Bpa Offers Plan That Will Help Troubled Smelters Kaiser Says It Will Use System That Offsets High Power Costs

The Bonneville Power Administration has agreed to offer its hard-pressed industrial customers a way to reduce their electricity bills.

Amendments to newly signed contracts would allow aluminum smelters and a few other industries that buy their power directly from Bonneville to return a portion during periods when rates are raised to cover higher costs at the agency.

Bonneville would resell the power and credit any profits to the smelters as a way of shaving the cost of electricity needed to produce aluminum at the potlines that continue operating.

Power comprises one-third of the cost of converting alumina into aluminum, and that cost has been soaring. Prices for one megawatt - 1 million kilowatts - have historically ranged between $20 and $30. Since spring, prices some days have exceeded $1,000. Prices for longterm deliveries have climbed to between $40 and $50.

Smelters cannot afford to operate at those prices, and several of the 10 in Washington, Montana and Oregon have shut down entirely or cut production. The Kaiser Aluminum smelter at Tacoma is idle, and output at Mead is at 70 percent of capacity.

Last month, smelter owners signed contracts with Bonneville that raised prices to about 2.7 cents per kilowatt hour, up from 2.25 cents. The five-year contracts take effect next Oct. 1.

But Bonneville announced last week that prices to all customers would be bumped another 15 percent. Public and private utilities plus industry customers signed up for more power than federal dams on the Columbia River system can generate, so BPA has been forced to buy expensive wholesale market electricity to satisfy demand.

Paul Norman, Bonneville’s senior vice president for power, said Friday that the new agreement will provide some relief to the smelters without harming agency revenues. The rate adjustment announced last week could force more smelters to shut down, he said.
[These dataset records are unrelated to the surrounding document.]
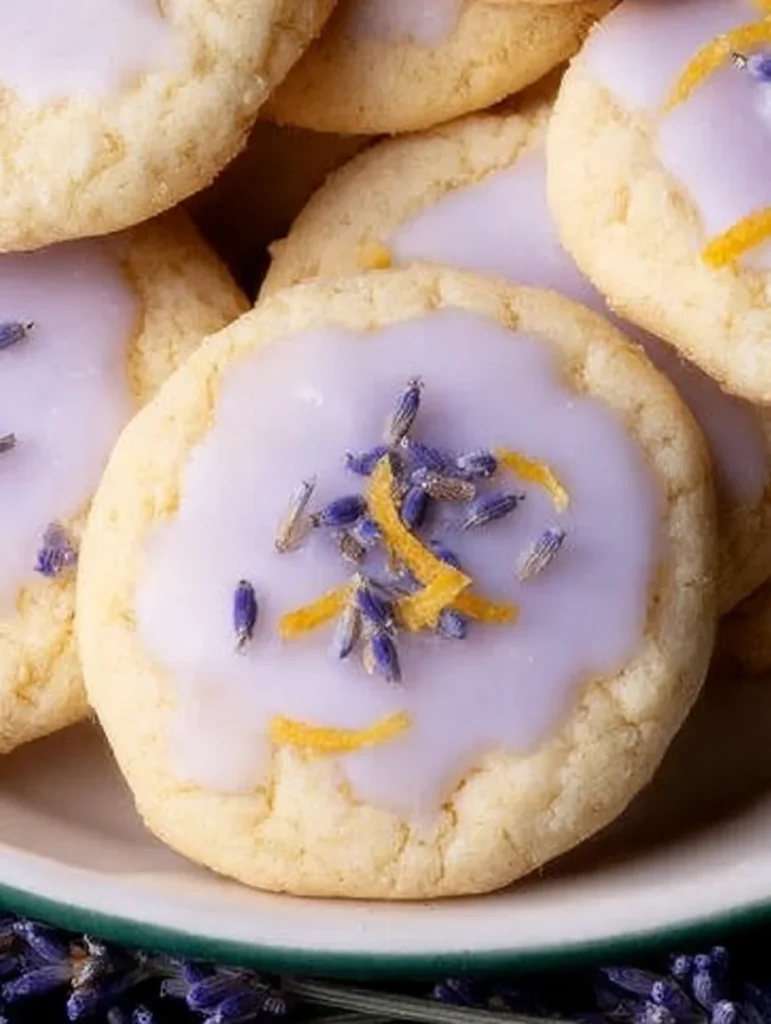 Lemon Lavender Cookie Recipe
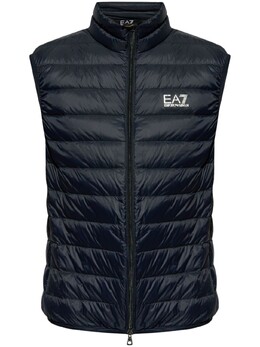 EA7 Emporio Armani: Синий жилет 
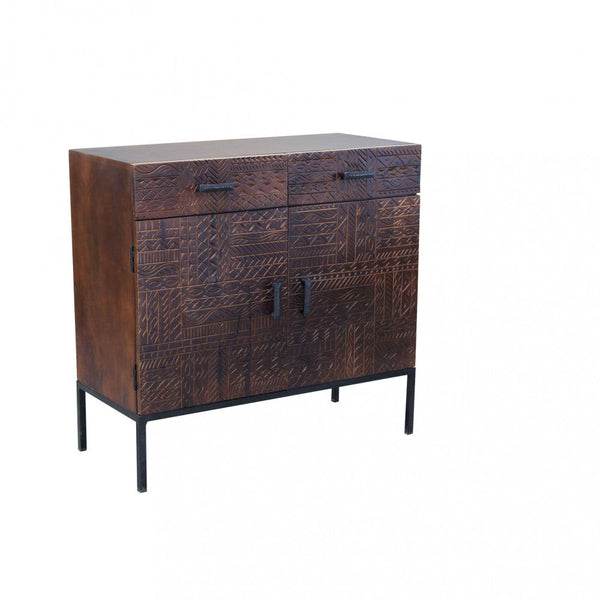 acquista Mobile Craig 90x40x85 h cm in Legno Marrone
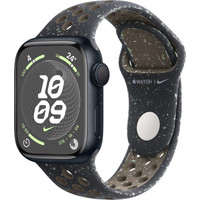 Apple Watch Nike Series 9 41 мм (алюминиевый корпус, полуночный/полуночный, спортивный силиконовый ремешок S/M)
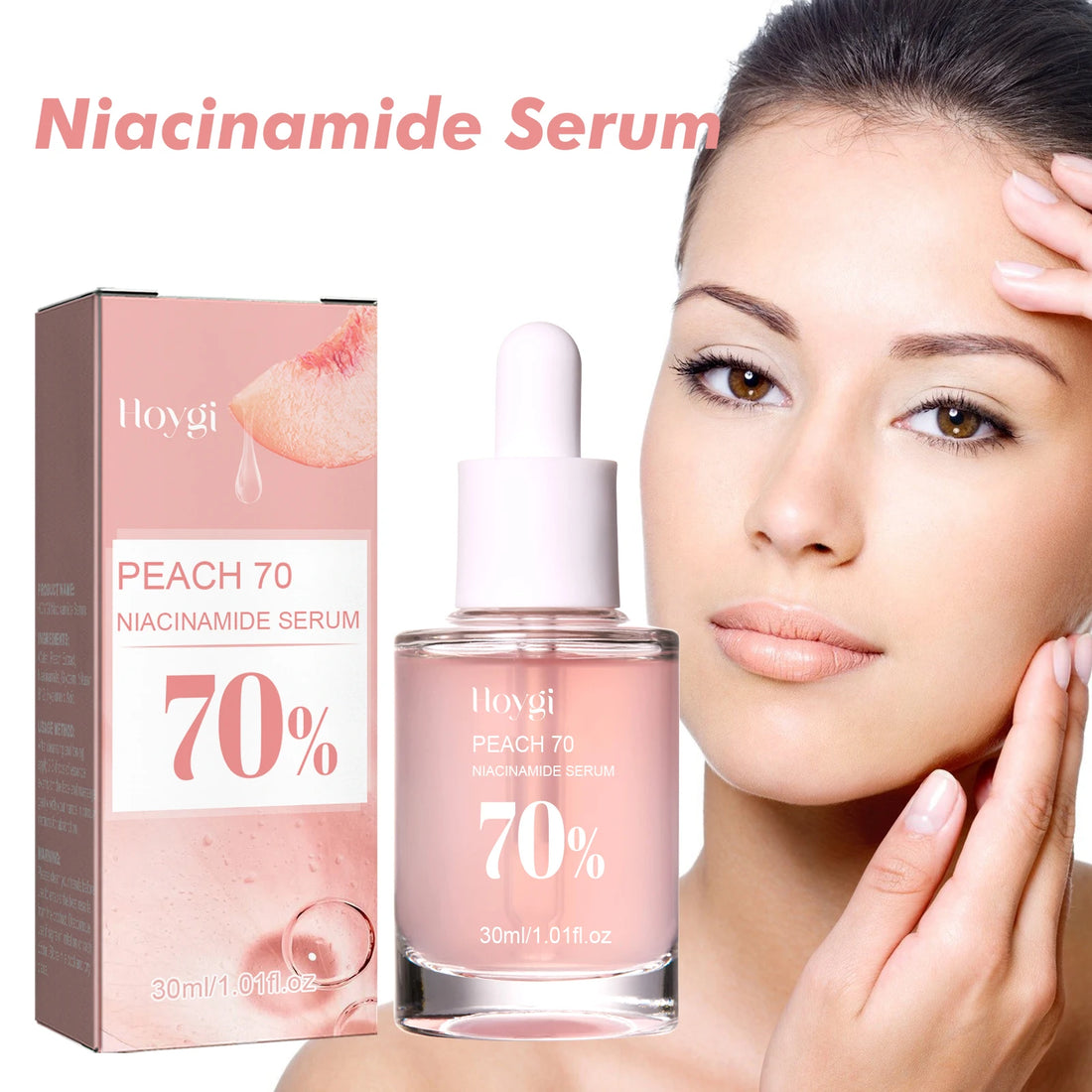 Hoygi Peach 70% Niacinamide Brightening & Hydrating Essence – 30ml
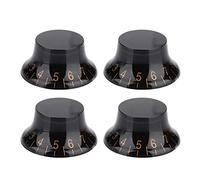 Manopole di Controllo Volume e Tono Effetti per Amp Basso e Chitarra Nero/Gold Accessori per Musica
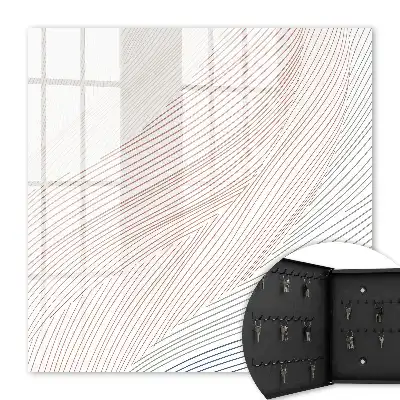 Lignes ondulées et couleurs subtiles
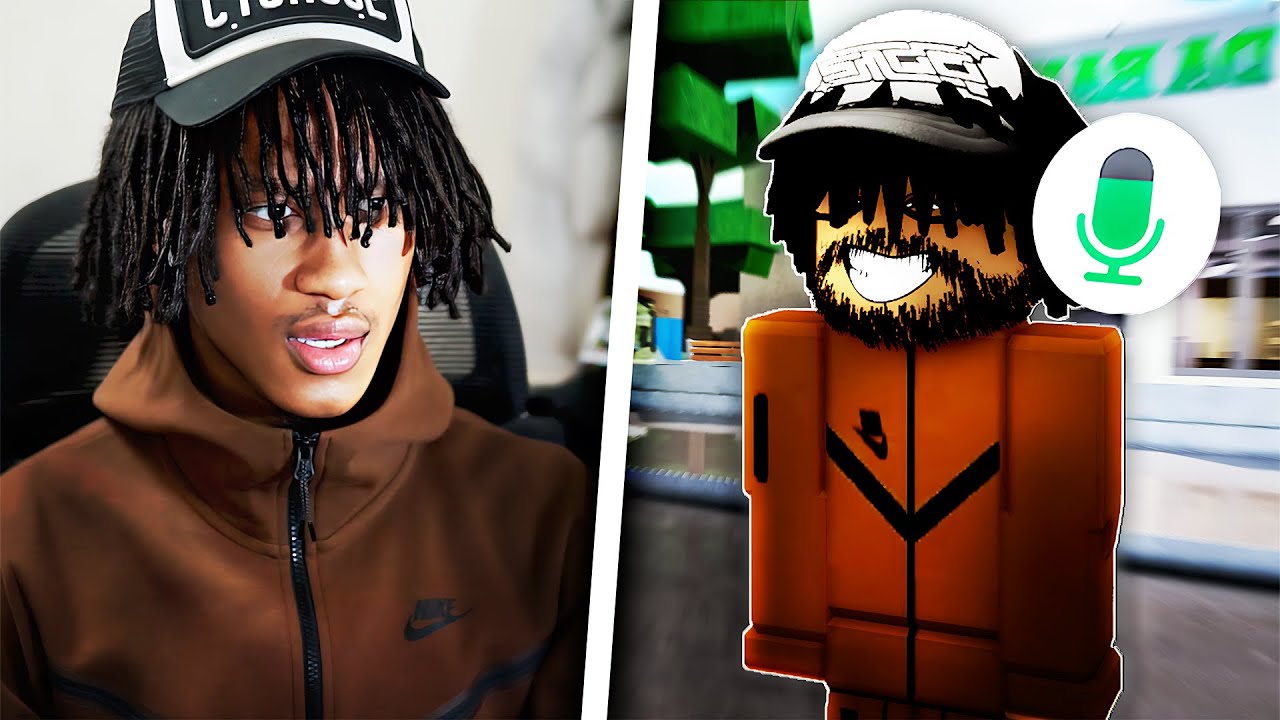 DRESSING AS MYSELF IN ROBLOX DA HOOD!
“It seemed to us like a win all the way around,” Norman said, adding the amendments should be ready for signing soon.

Kaiser vice president Pete Forsyth said the company will use the new plan to make the best of a bad situation. Managers already are trying to determine how best to reconfigure Mead operations to squeeze as much benefit as possible from the offer, he said.

“It’s not a panacea,” Forsyth said.

Reselling power was one of several ideas floated by a group organized in July to assess the future of the aluminum industry in the Northwest, where 40 percent of U.S. production was built to exploit Bonneville’s once-cheap and abundant power.

Now growth in West Coast states has exhausted an energy surplus that dates to the late-1970s. Little new generating capacity has been added since then, and supplies are suddenly scarce and expensive.

The smelters, which consume enough power at full output to meet the needs of three cities the size of Seattle, are among the worst-hit of the region’s energy consumers.